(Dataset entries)

━━━━

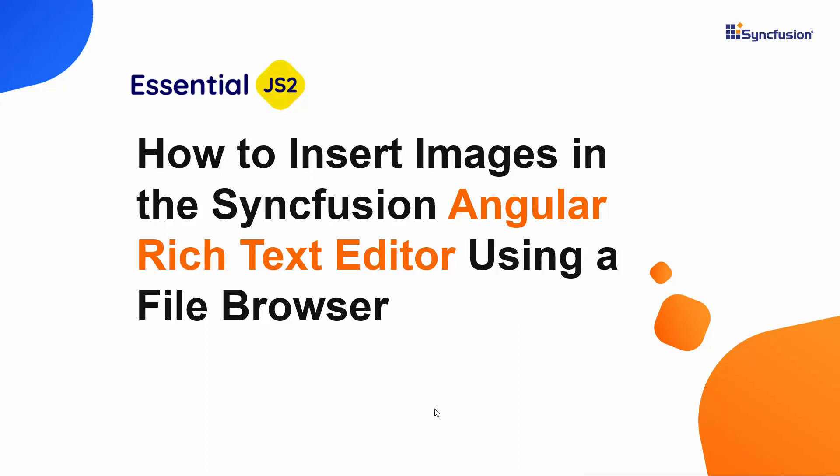Hi everyone, welcome back. In this video, I will show you how to browse for and insert images into a SyncFusion Angular Rich Text Editor component.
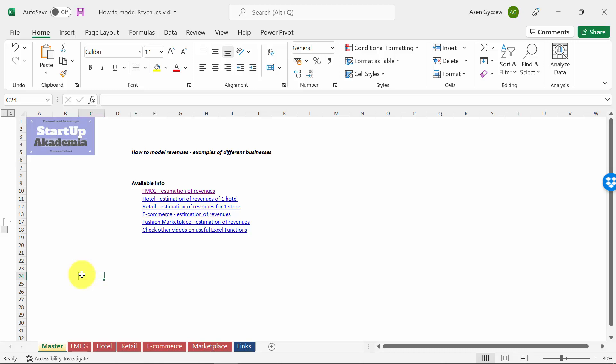The starting point for most financial models is to estimate the revenues. This will largely depend on the business model you're trying to model. To show you how it may differ, let's go to five examples.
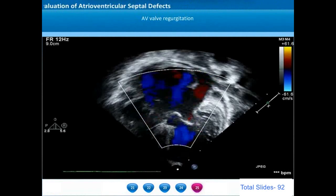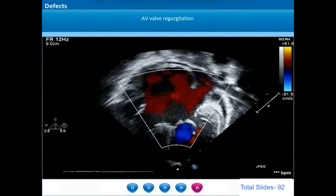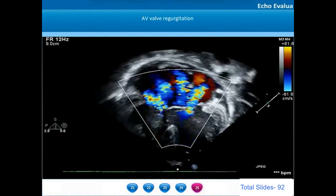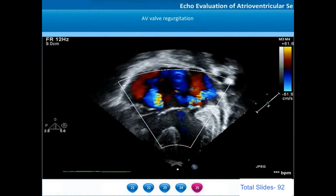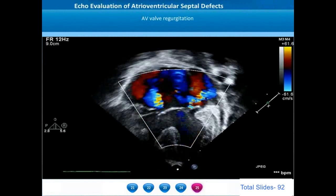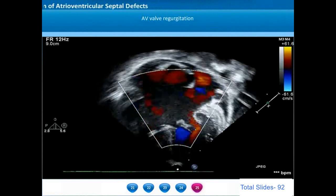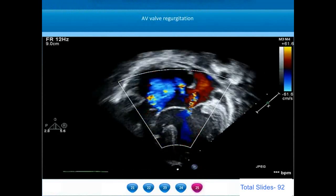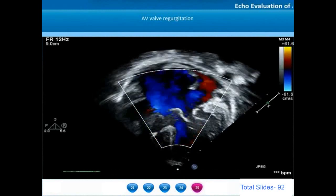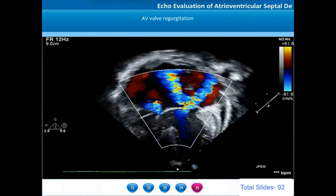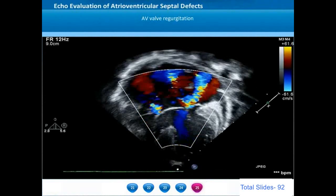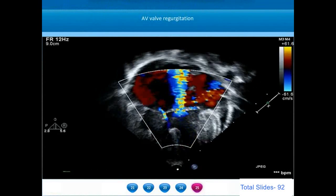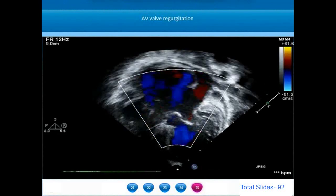Assessment of the location of AV valve regurgitation is important during repair. In this example, the AV valve regurgitation appears on the left-sided component in two jets: one between the left mural leaflet and the inferior bridging leaflet, and one between the superior and inferior bridging leaflets. There is also a milder component between the right anterior and right posterior leaflets. Carefully analyzing all individual jets and their points of origin indicates the location of the regurgitant orifice in the large common AV valve.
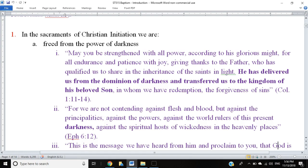In the sacraments of Christian initiation, the introduction lists various effects in the Christian life. The first effect — A — is that we are freed from the power of darkness. Light and darkness are primary images in baptism. In the early Church, one of the names for baptism was enlightenment. We still have these images in the Easter Vigil — lighting candles — and even at infant baptism a candle is received and we say, receive the light of Christ. This is scriptural imagery.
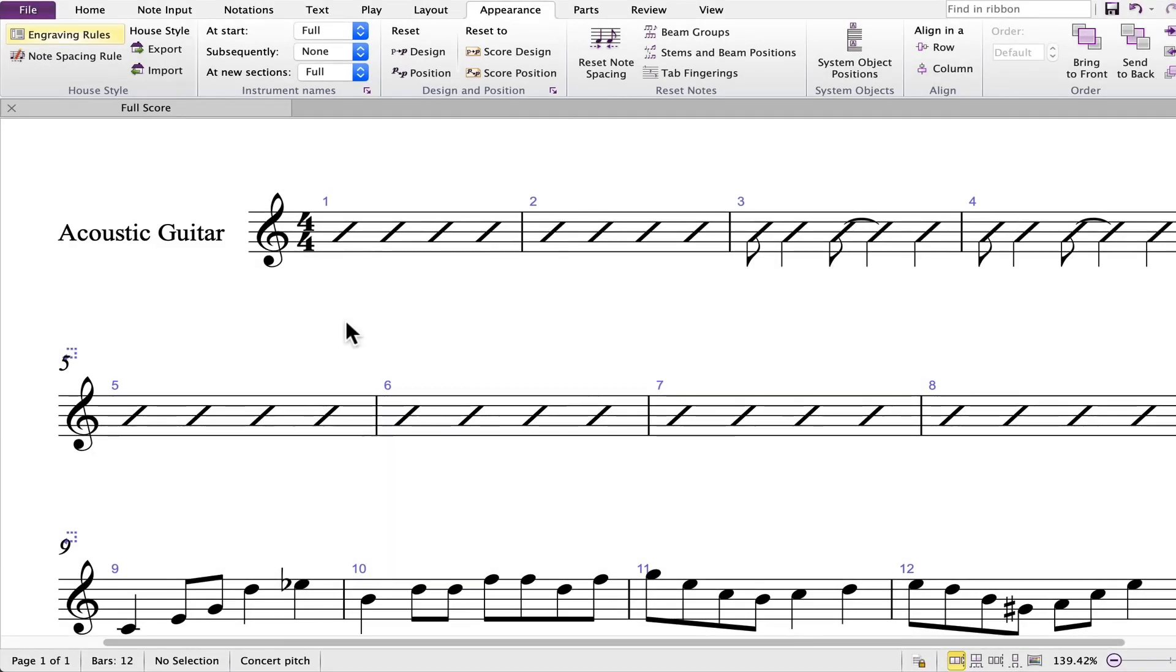In this video, I'll demonstrate how you can turn on and off the guitar fretboards and also how to enter the bend and slide notations.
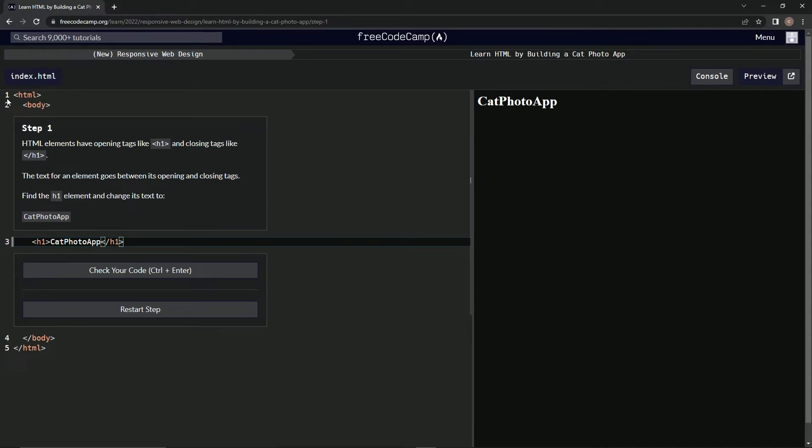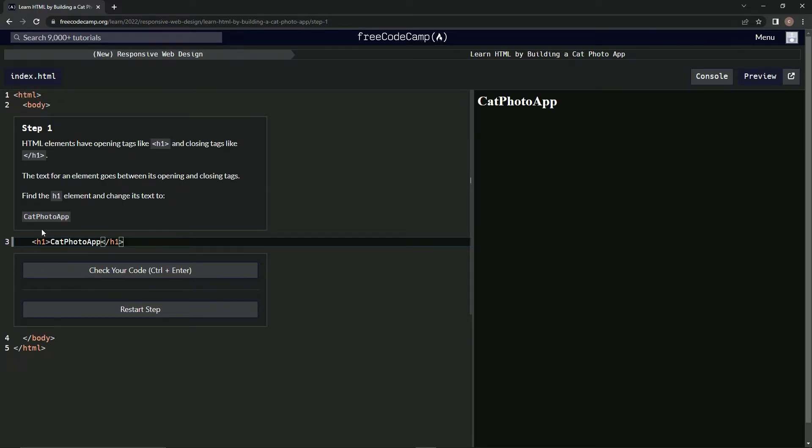So now we've got HTML with these opening and closing tags. We've got HTML, body, and then we have this h1 Cat Photo App /h1.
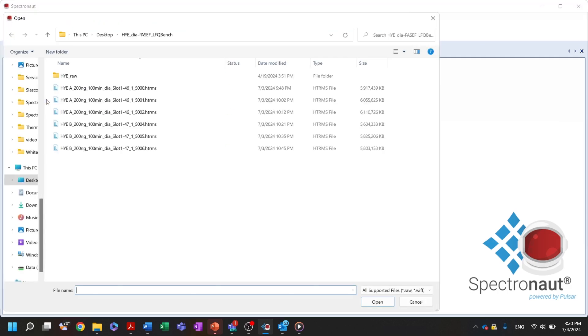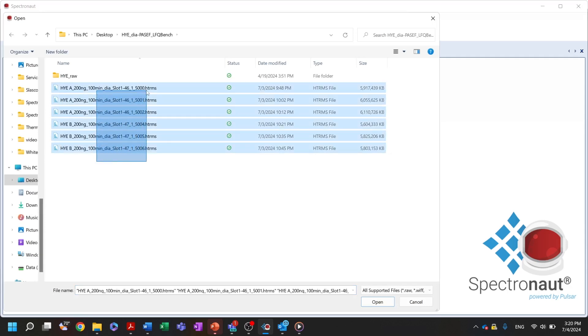We'll upload DIA data for direct DIA analysis. Today I will perform an analysis of mixed proteomic samples containing human, yeast and E. coli proteomes mixed at two different proportions.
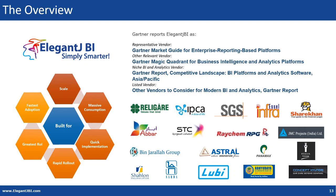Welcome, this is a demo of design once use anywhere technology which is implemented in Elegant JBI. Before I get to what it means, I just want to quickly introduce you to Elegant JBI for those of you who haven't heard of us before.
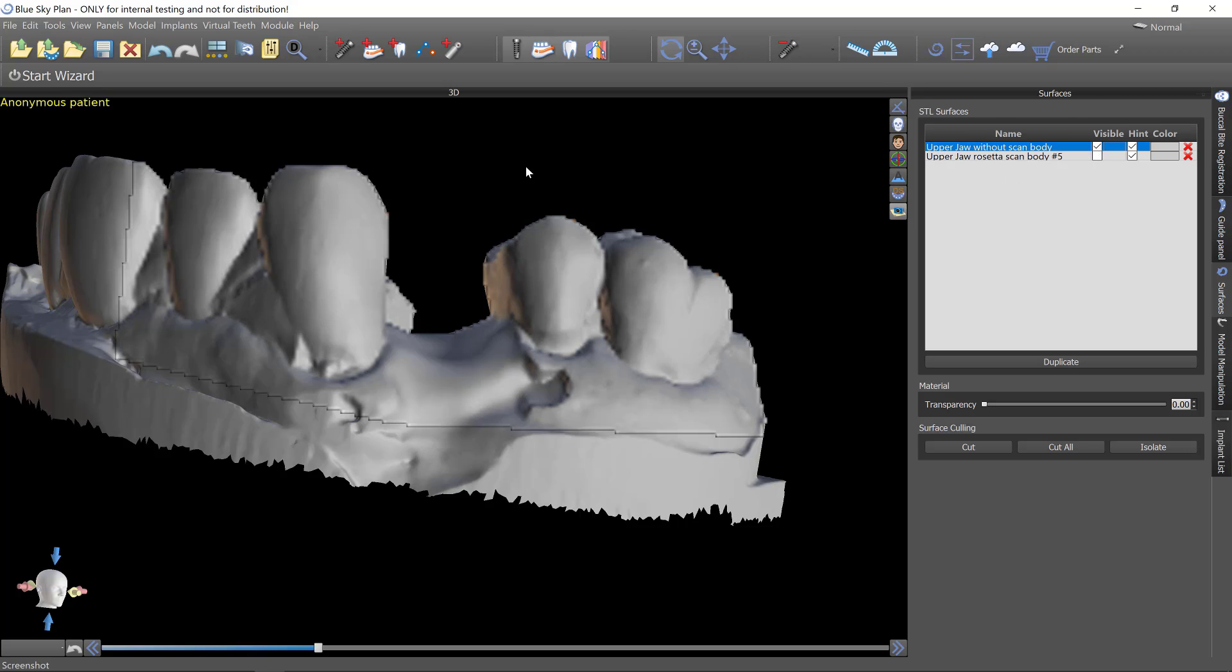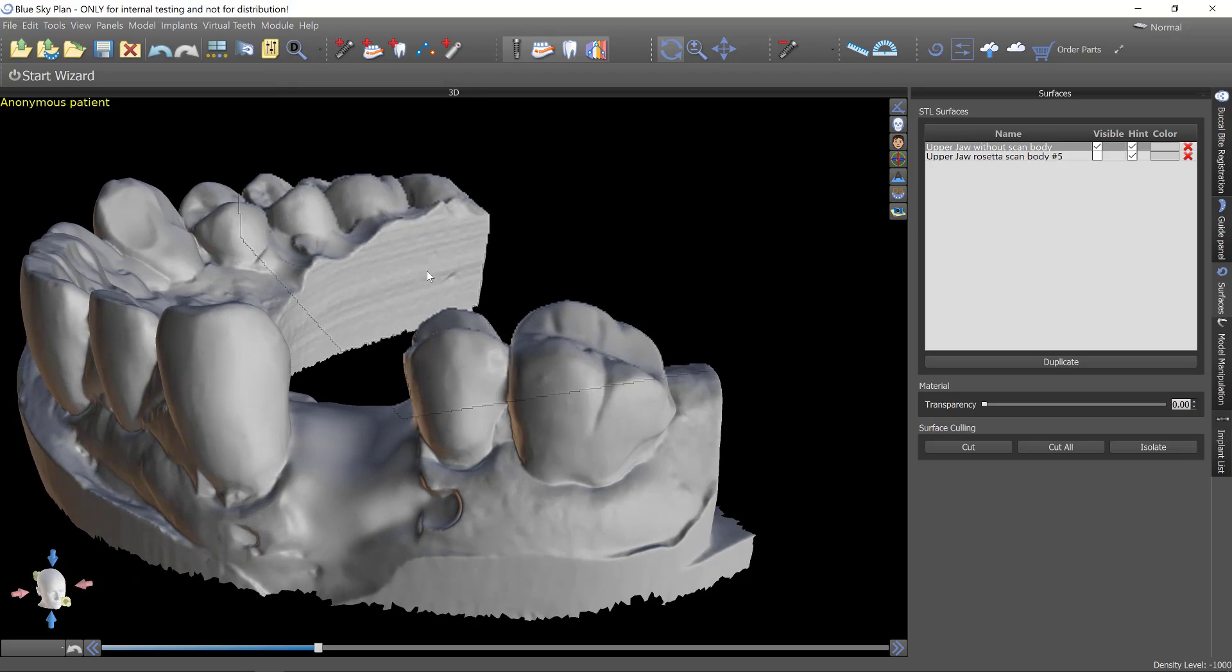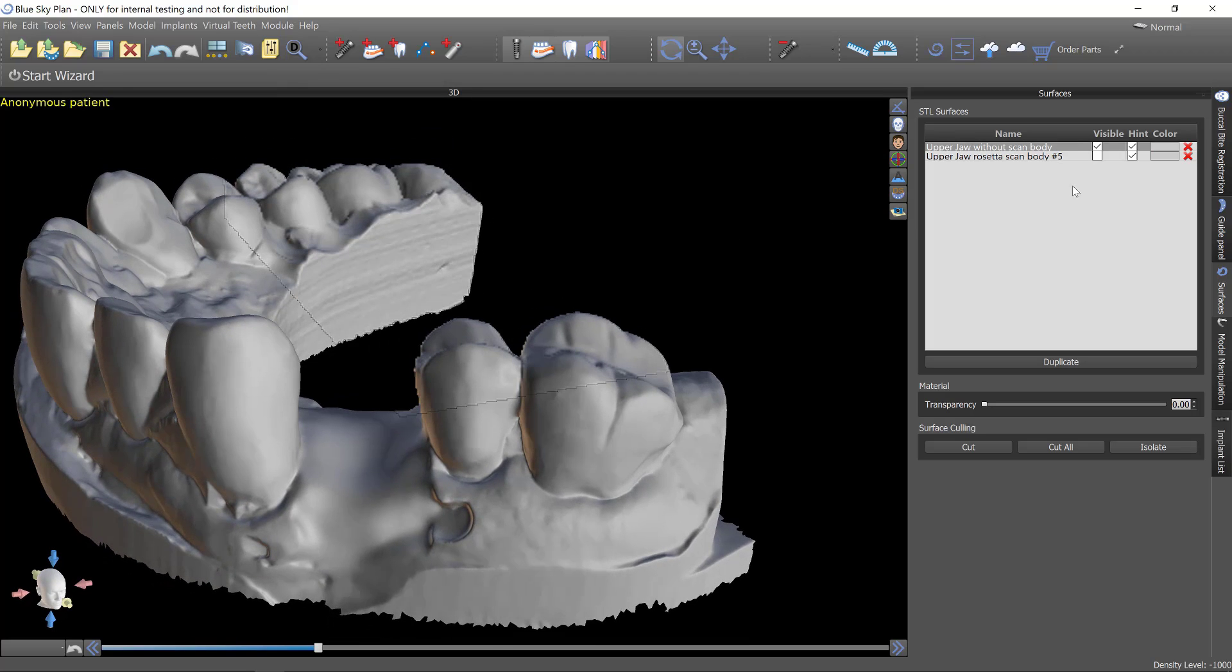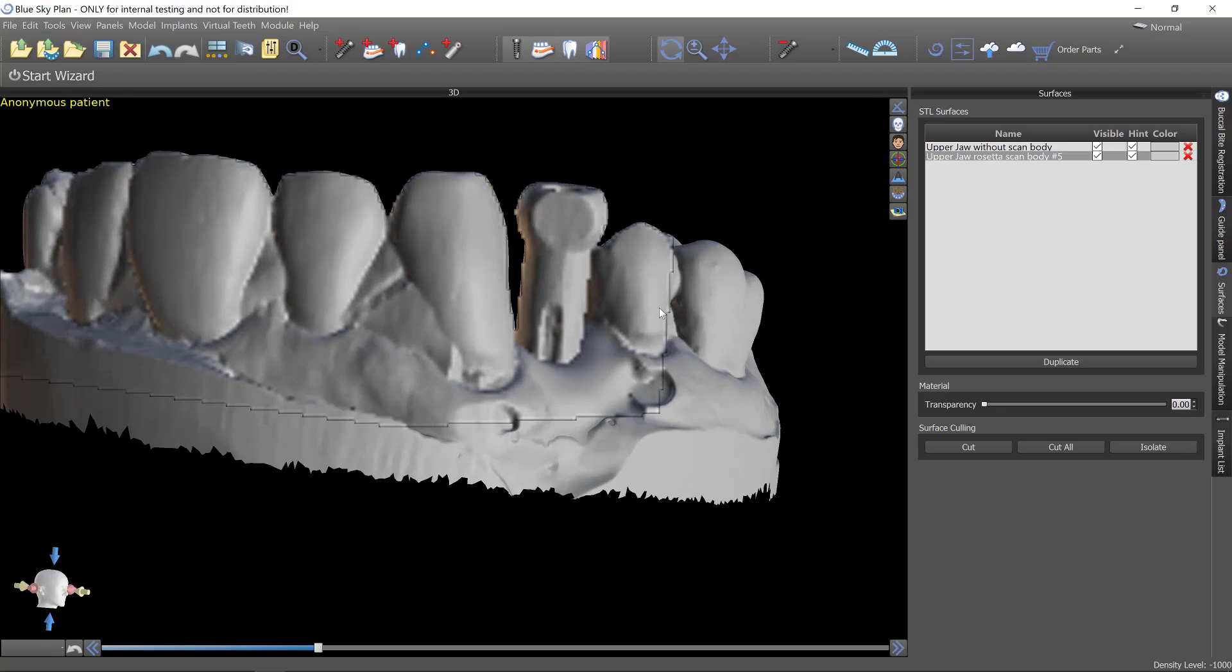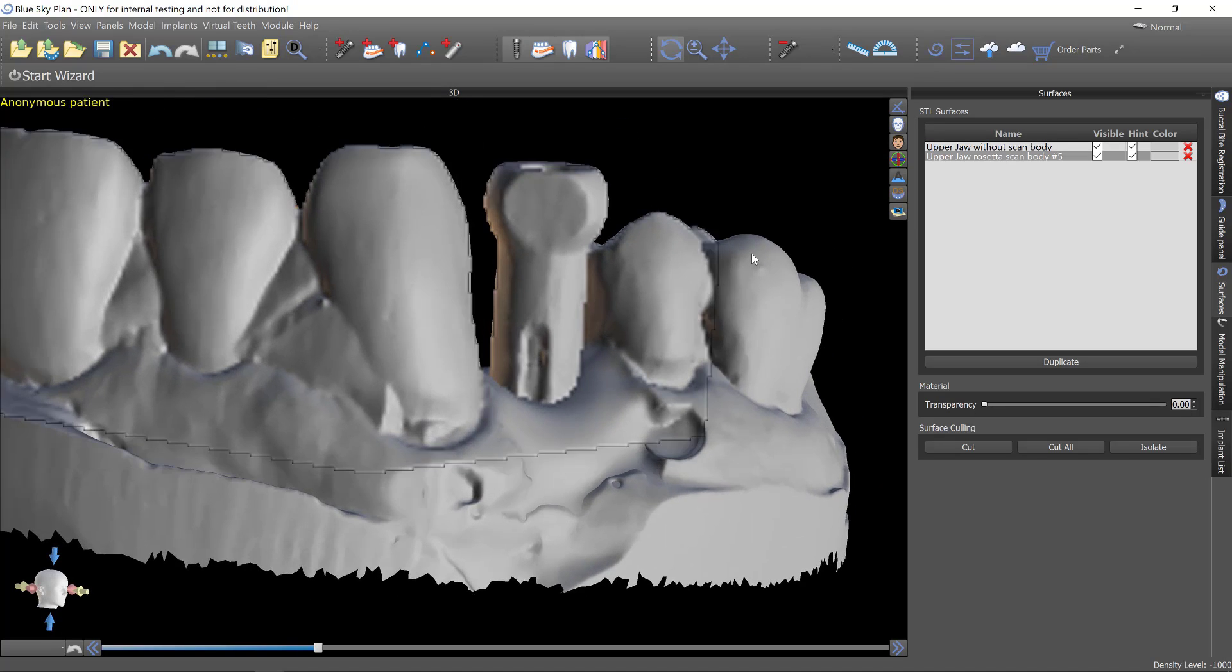And then there's a second model merged in here, which is just of the gingiva without any scan post. So let's first merge in a scan body and register the implant position.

━━━━

# Assigned task
Reproduce exactly the lines above from the one with "We'll upload DIA" through the last line of the data, keeping both ends and dropping the pictures.

# Response
We'll upload DIA data for direct DIA analysis. Today I will perform an analysis of mixed proteomic samples containing human, yeast and E. coli proteomes mixed at two different proportions.
Welcome, this is a demo of design once use anywhere technology which is implemented in Elegant JBI. Before I get to what it means, I just want to quickly introduce you to Elegant JBI for those of you who haven't heard of us before.
And then there's a second model merged in here, which is just of the gingiva without any scan post. So let's first merge in a scan body and register the implant position.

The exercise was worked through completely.